I started this essay saying that of course I do think that the wealth gap is a serious problem we should address, and my hope is that people who may otherwise have regarded my tirade against minimum wages as regressive and reactionary have slogged through this long enough to get to this part. Because we certainly should address this problem smartly. The high point of the 20th Century had many things wrong with it, but one thing that was right-smack-on about our policy during those golden decades was that we had good macroeconomic policies that dealt with the ratio between rich and poor. We taxed earnings higher than $200,000 (then worth quite a bit more than even today) at a 90% rate. We had a strong estate tax. We set up the society such that there were not only minimums, but maximums as well. And that’s absolutely vital, because money is a relational thing which has no real value outside of our mental constructions about it, so when we say that everyone has to have at least $9 an hour, the value of that statement is measured against whether no one can have more than $x per hour as well. With the wealth gap much wider than the income gap, measures to remove intergenerational transferral of wealth from rich parent to rich child should be undertaken as well, because those are the things that make it possible to level the playing field and fund important social services like public schools or universal healthcare.
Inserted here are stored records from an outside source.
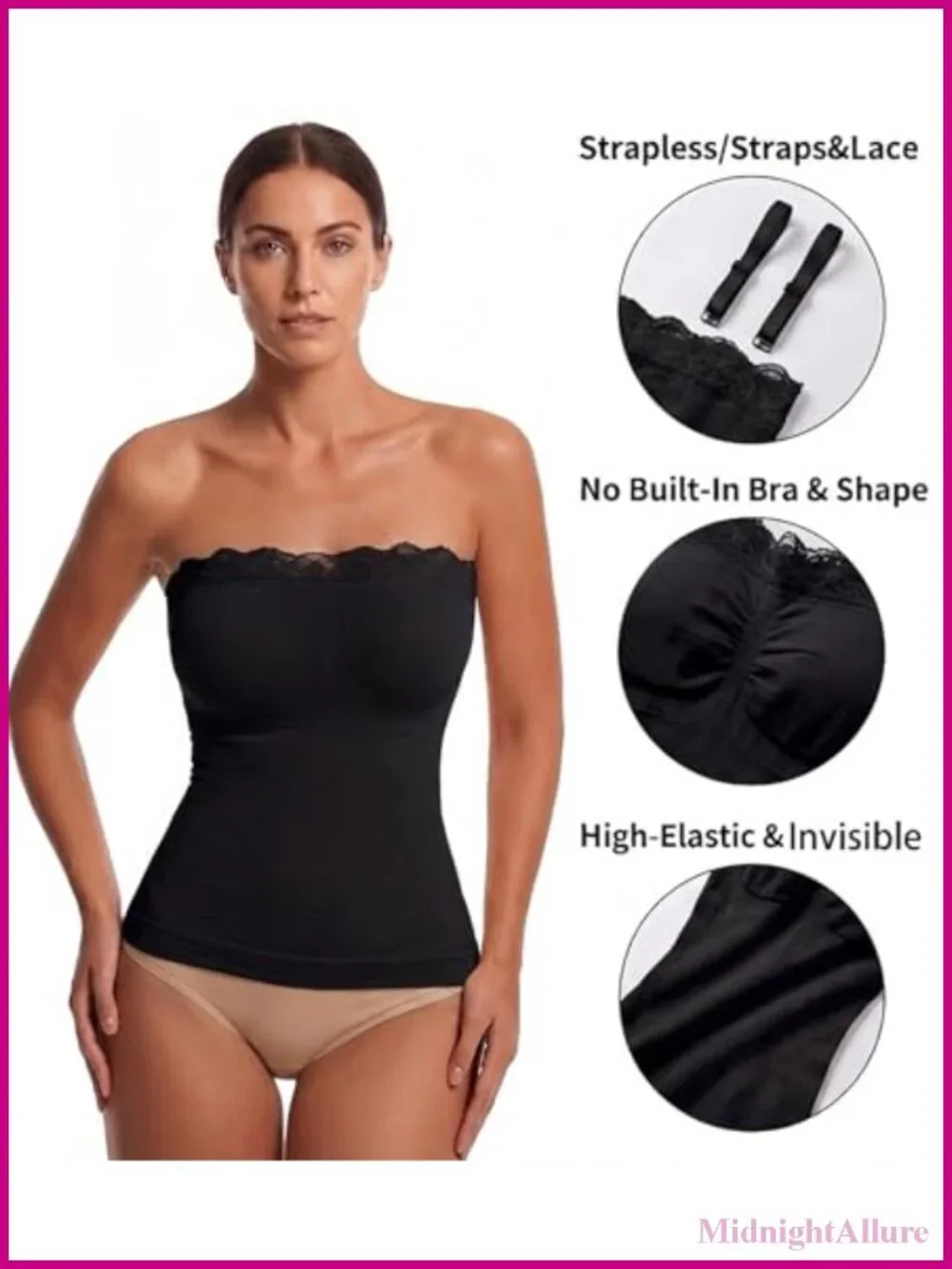 Women Strapless Shapewear Top Tummy Control Lace Camisole Nylon Spandex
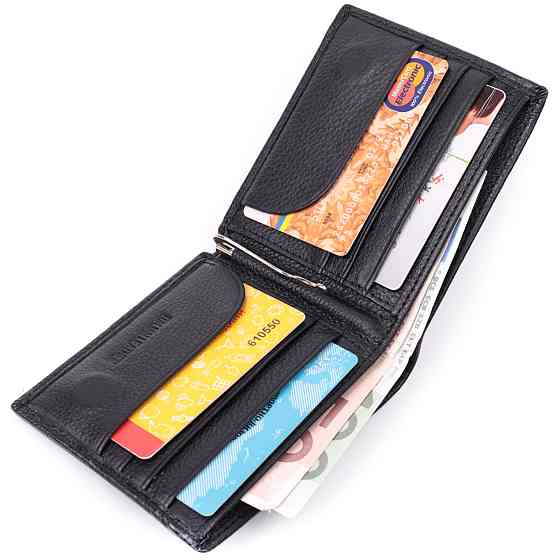 Кожаное мужское портмоне из зажимом ST Leather 22481 Черный Киев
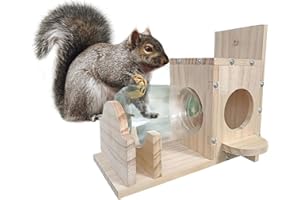 XQZMD Wooden Squirrel Feeder, Natural Interesting Hanging Squirrel Feeding Box with Transparent Bottle, Garden Squirrel Food Box for Tree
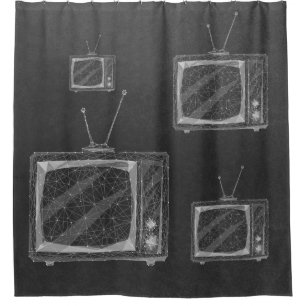 old tv   shower curtain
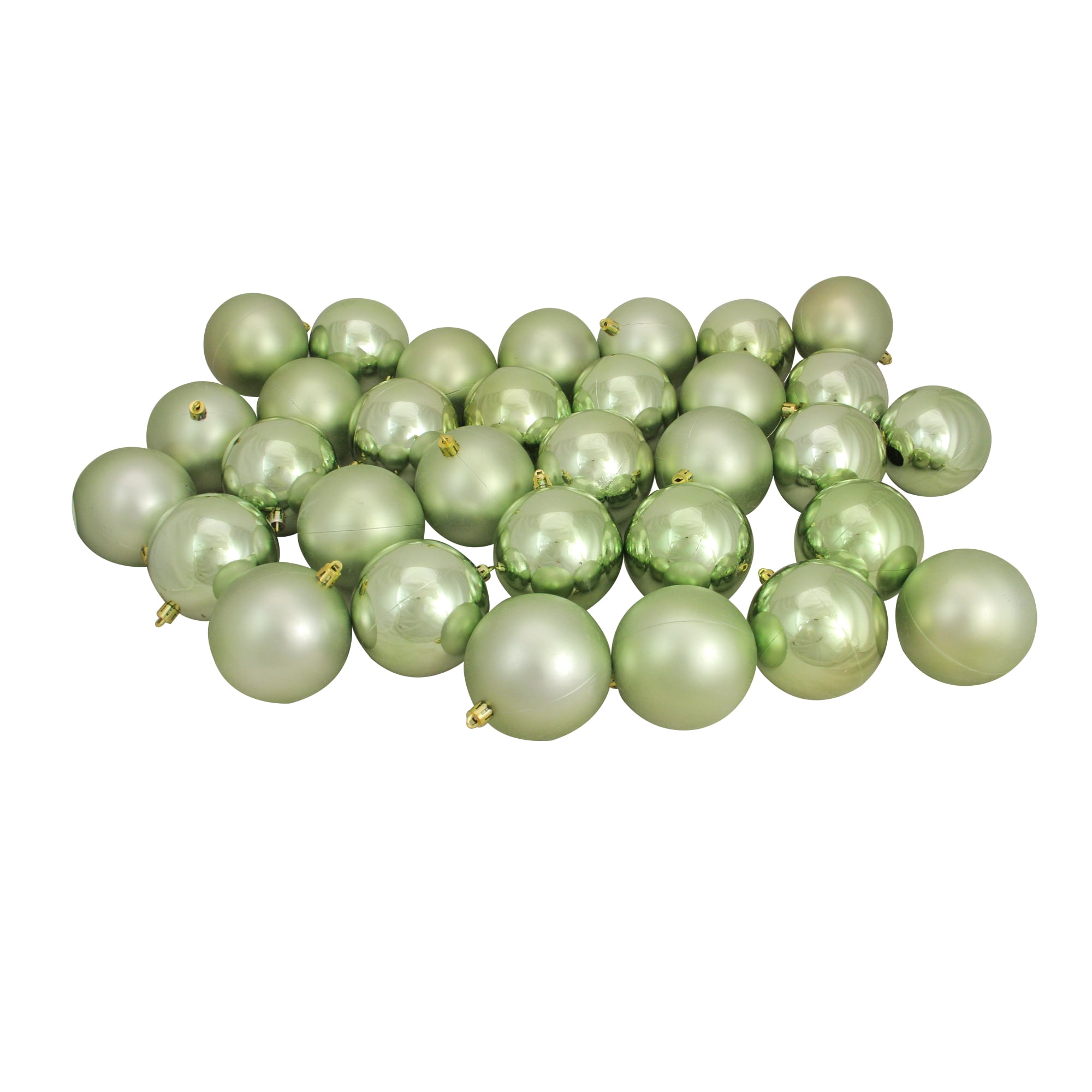 Northlight 32ct Shatterproof 2-Finish Christmas Ball Ornament Set 3.25" - Green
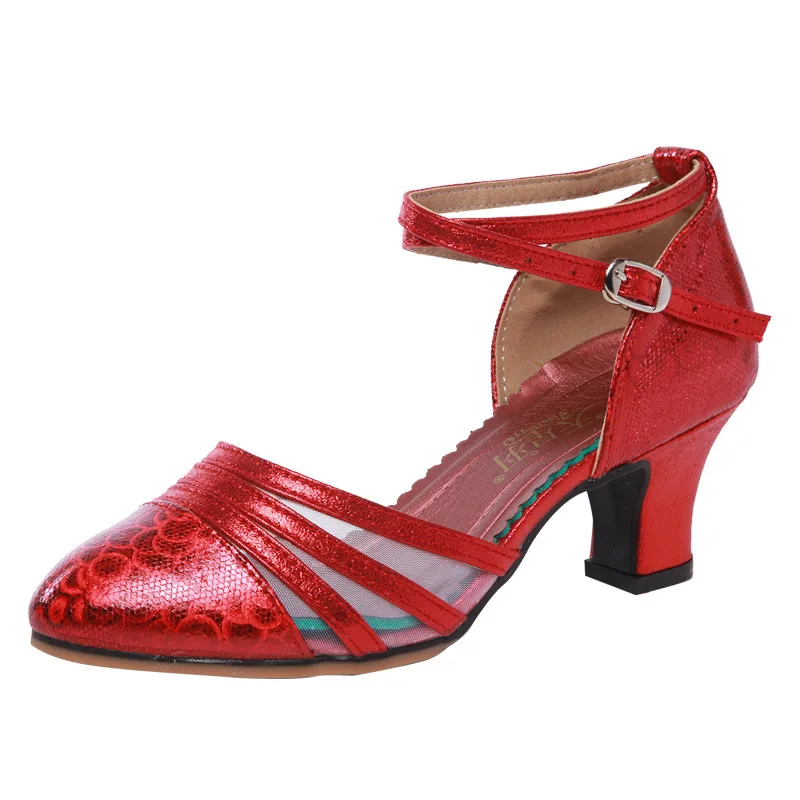 

Latin Dance Shoes Adult Mesh Medium High Heels Dance Shoes Soft Soles Women Fashion Four Seasons Ballroom Dancing Shoe For Women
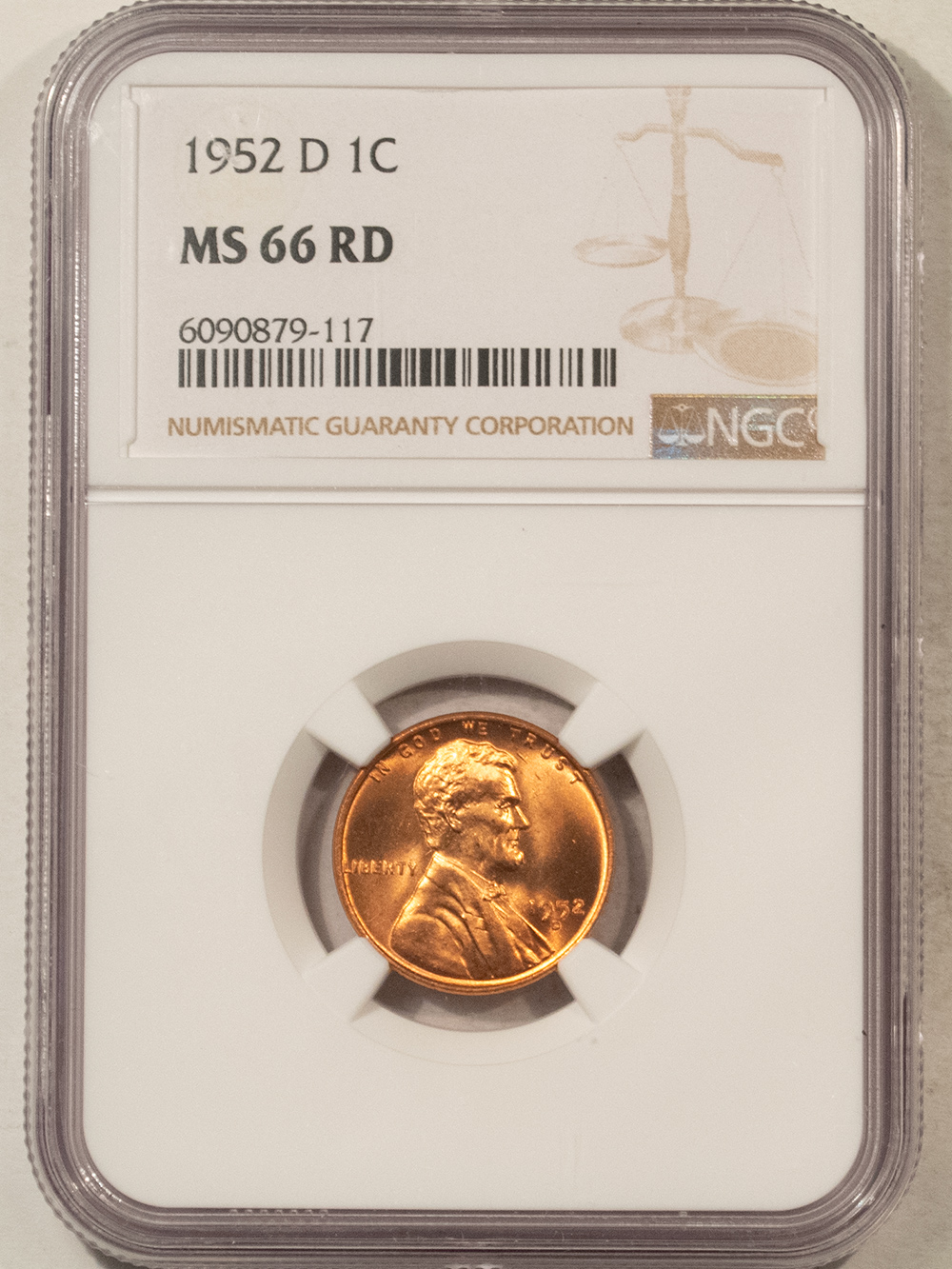Lincoln Cents (Wheat) 1952-D LINCOLN CENT – NGC MS-66 RD Lincoln Cents (Wheat) 1952-D LINCOLN CENT – NGC MS-66 RD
But by all means, the left should abandon this nonsense from Keynes. Keynes was a smarter guy than I’ll ever be, and his ideas about economics have many legitimate uses. But when we adopt Keynesian growth as an argument for things like this, we mask the effects of inequality without resolving them. And we create more problems on top of that. We’re risking a future in which we come up hard against the pending costs in monetary debt and physical real-world resources due to constantly reinvesting in bubbles. A local minimum wage is an especially bad thing, because while a state minimum wage does little to address our real problems, a local one does that plus chasing economic activity out of cities.